Records to use below:

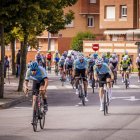 Imagen de la carrera celebrada en la matinal del sábado en el circuito de la Avenida de la Constitución.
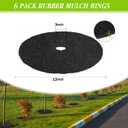 Peryiter 12 Pcs Rubber Mulch Tree Ring Protector Mat Weed Barrier, 12 in
Heavy Duty Rubber Mulch Rings For Trees, Round Tree Protector Mat for Weed Grass Control & Root Protection Lawn Care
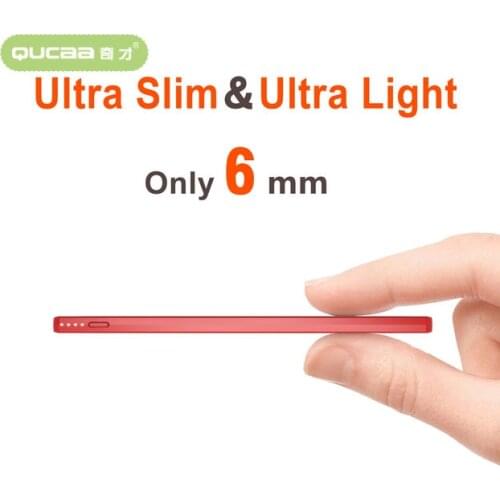 5000mAh Ultra Thin Mini Power Bank for Android iPhone SmartWatch 6mm Aluminium Case External Battery powerbank Fast Charger
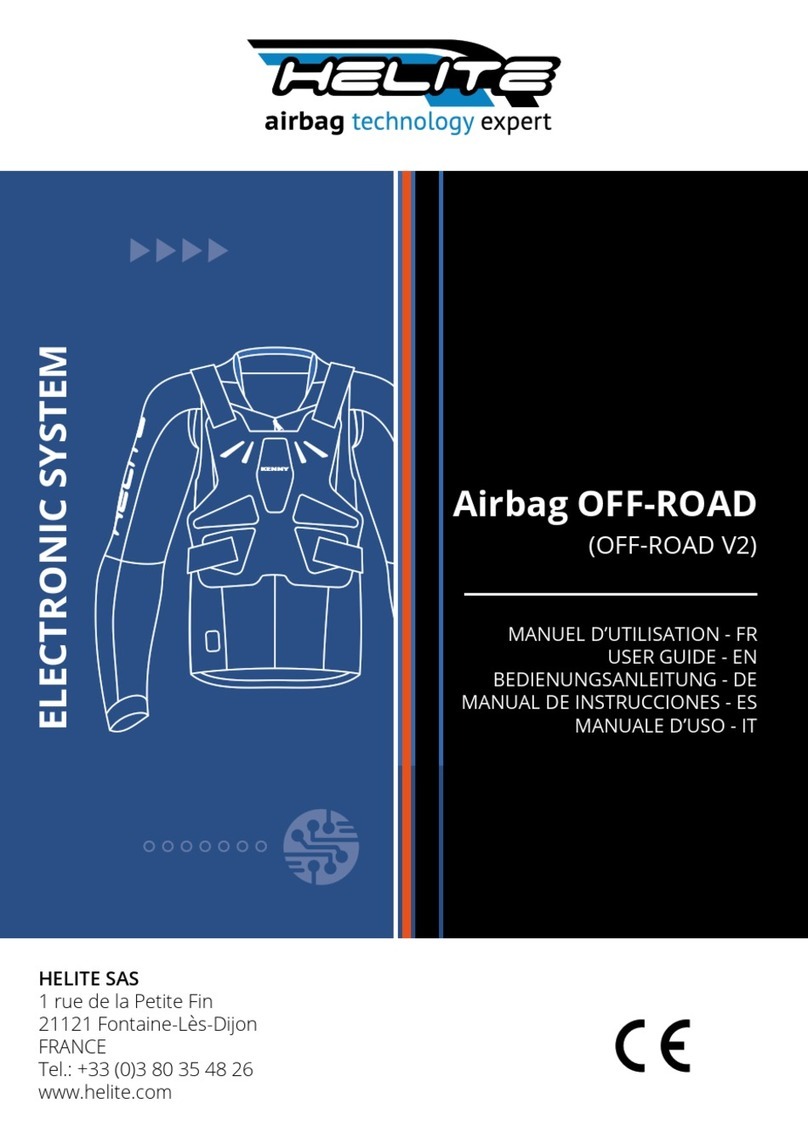 Helite Airbag OFF-ROAD user guide Helite Airbag OFF-ROAD user guide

End of Records to use.

### Problem requirements
Word for word, copy all the entries above, but with no pictures.

### The answer
 Imagen de la carrera celebrada en la matinal del sábado en el circuito de la Avenida de la Constitución.
 Peryiter 12 Pcs Rubber Mulch Tree Ring Protector Mat Weed Barrier, 12 in
Heavy Duty Rubber Mulch Rings For Trees, Round Tree Protector Mat for Weed Grass Control & Root Protection Lawn Care
 5000mAh Ultra Thin Mini Power Bank for Android iPhone SmartWatch 6mm Aluminium Case External Battery powerbank Fast Charger
 Helite Airbag OFF-ROAD user guide Helite Airbag OFF-ROAD user guide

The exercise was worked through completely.